Playing the music directly from the transfer (CD) media is fine

Hope someone out there can help....templii


----------



## i_like_salmo

Right I've cracked it, don't ask me why this works but it does!

Go to Control Panel > System > Hardware(tab) > Device Manager > IDE ATA/ATAPI Controllers > Primary IDE Channel (right click and choose properties)

Click on the "Driver" tab then "Uninstall". Windows will now tell you to restart so let it - ok when the restart has finished it will reinstall the driver for the IDE controllers and problem solved!

Although I have no idea how this happened the problem was to do with how the CPU used memory, something screwed up the IDE driver. Anyway fixed now, let me know if anyone else has had success with this.


----------



## templii

Hi i_like_salmo's,

I'm glad you have solved your problem but I am a bit worried that if I uninstal the IDE driver I might not be able to get it back????????


Regards

templii


----------



## i_like_salmo

All I can say is in my case Windows detected it immediately, I'm really just a problem solver - I don't really have much technical computer knowledge. 

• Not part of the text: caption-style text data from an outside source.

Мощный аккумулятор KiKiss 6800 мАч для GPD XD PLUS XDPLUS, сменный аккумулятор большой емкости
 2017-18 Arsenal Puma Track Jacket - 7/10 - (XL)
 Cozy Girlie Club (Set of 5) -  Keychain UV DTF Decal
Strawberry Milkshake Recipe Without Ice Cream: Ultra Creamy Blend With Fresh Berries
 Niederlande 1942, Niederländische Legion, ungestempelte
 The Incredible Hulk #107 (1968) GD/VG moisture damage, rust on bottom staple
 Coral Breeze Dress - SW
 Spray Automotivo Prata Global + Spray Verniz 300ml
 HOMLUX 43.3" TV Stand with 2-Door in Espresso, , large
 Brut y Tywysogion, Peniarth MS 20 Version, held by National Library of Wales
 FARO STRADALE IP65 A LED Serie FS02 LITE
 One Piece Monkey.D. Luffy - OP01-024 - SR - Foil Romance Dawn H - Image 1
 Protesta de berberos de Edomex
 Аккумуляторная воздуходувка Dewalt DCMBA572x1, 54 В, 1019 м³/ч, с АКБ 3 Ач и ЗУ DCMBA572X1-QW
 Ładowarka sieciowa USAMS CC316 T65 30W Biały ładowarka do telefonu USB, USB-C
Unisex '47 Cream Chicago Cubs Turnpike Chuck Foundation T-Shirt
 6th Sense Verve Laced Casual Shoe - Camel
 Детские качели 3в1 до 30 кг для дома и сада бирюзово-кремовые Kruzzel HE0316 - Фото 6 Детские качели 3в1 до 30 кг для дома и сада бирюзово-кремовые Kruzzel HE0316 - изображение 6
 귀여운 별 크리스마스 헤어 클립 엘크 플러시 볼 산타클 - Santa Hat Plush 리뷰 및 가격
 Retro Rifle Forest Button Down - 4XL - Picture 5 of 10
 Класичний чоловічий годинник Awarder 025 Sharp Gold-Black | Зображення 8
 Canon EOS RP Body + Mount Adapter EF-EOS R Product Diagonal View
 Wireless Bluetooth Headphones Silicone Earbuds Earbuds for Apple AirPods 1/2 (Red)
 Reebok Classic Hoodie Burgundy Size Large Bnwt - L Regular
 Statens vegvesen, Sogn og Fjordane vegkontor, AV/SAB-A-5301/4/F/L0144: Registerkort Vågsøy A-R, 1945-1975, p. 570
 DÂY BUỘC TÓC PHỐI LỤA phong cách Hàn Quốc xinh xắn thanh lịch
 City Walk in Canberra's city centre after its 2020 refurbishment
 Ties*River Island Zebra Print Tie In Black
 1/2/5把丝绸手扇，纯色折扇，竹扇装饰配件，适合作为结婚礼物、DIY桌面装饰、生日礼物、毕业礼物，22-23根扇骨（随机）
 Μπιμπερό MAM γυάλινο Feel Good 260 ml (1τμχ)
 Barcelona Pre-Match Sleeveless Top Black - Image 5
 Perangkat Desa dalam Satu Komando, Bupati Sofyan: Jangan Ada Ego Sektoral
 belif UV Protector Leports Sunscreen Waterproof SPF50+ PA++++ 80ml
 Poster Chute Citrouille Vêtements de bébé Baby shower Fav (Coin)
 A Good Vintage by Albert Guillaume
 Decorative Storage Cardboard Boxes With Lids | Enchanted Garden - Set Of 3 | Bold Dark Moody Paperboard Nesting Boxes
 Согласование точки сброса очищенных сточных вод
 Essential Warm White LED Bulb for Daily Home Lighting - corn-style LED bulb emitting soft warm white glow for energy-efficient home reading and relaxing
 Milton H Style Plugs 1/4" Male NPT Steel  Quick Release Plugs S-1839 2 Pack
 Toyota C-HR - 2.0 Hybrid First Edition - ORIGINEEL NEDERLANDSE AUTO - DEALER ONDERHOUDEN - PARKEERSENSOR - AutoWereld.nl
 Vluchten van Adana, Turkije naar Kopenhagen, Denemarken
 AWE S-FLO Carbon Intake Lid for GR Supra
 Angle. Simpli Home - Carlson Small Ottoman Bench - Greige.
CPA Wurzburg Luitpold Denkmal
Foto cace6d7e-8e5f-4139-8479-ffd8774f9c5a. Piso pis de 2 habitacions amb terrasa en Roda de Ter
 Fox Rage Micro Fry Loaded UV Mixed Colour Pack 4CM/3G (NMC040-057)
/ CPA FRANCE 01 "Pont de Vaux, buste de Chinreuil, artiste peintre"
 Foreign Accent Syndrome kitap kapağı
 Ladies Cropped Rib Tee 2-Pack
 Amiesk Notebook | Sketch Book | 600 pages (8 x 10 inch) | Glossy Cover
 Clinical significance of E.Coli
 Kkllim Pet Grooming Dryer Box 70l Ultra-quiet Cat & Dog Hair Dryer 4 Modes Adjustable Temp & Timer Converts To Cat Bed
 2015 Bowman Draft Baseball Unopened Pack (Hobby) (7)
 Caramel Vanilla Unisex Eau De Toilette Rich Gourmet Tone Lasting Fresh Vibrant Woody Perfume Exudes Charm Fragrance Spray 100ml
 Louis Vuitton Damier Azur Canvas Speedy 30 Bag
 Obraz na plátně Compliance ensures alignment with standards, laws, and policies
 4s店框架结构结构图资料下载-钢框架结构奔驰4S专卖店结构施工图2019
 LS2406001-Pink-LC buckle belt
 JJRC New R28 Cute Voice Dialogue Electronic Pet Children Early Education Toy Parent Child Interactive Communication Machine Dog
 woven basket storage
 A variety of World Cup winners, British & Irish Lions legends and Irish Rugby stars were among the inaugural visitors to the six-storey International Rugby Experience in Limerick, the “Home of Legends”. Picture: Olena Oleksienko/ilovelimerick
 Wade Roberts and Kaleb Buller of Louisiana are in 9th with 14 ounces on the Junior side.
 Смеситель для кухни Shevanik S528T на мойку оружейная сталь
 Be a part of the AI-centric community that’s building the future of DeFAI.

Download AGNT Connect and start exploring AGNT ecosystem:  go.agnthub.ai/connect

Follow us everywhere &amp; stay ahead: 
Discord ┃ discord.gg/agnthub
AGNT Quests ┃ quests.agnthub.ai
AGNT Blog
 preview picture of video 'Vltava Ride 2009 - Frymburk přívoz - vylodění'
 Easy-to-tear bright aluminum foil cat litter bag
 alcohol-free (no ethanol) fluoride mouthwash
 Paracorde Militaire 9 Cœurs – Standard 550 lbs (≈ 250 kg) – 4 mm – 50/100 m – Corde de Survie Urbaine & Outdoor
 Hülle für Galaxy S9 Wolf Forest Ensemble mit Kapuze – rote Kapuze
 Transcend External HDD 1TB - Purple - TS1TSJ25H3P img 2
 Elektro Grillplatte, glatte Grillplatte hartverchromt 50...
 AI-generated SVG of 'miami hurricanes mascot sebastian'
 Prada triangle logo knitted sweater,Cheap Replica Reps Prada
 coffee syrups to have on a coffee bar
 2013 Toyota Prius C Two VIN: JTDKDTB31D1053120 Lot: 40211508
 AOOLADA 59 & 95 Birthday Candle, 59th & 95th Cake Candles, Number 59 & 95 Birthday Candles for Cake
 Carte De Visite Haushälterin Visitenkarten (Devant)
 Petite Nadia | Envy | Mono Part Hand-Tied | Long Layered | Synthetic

If you're looking for assurance over whether it will definitely re-install I'd ask someone who has a better knowledge than me!

Good Luck!


----------



## JeffM

Windows will ALWAYS detect the ide driver as its one of the drivers that are built into Windows and it always looks for it on every boot. Don't worry , just do it


----------



## i_like_salmo

There you go matey. Just do it!


----------



## Quahogboy

I went ahead and tried this too. I wish I had found this a long time ago. I thought it had to do with the Flash version I had but it also fixed Quicktime too. Great easy fix. It automatically found my drive and installed the drivers for it.


----------



## JeffM

actually, as both REAL and QUICKTIME are getting rather bloated nowadays, if all you want is to play stuff there a substitute player for both of these formats which are very small.Probly find them some where like CNet or elsewhere.

JeffM


----------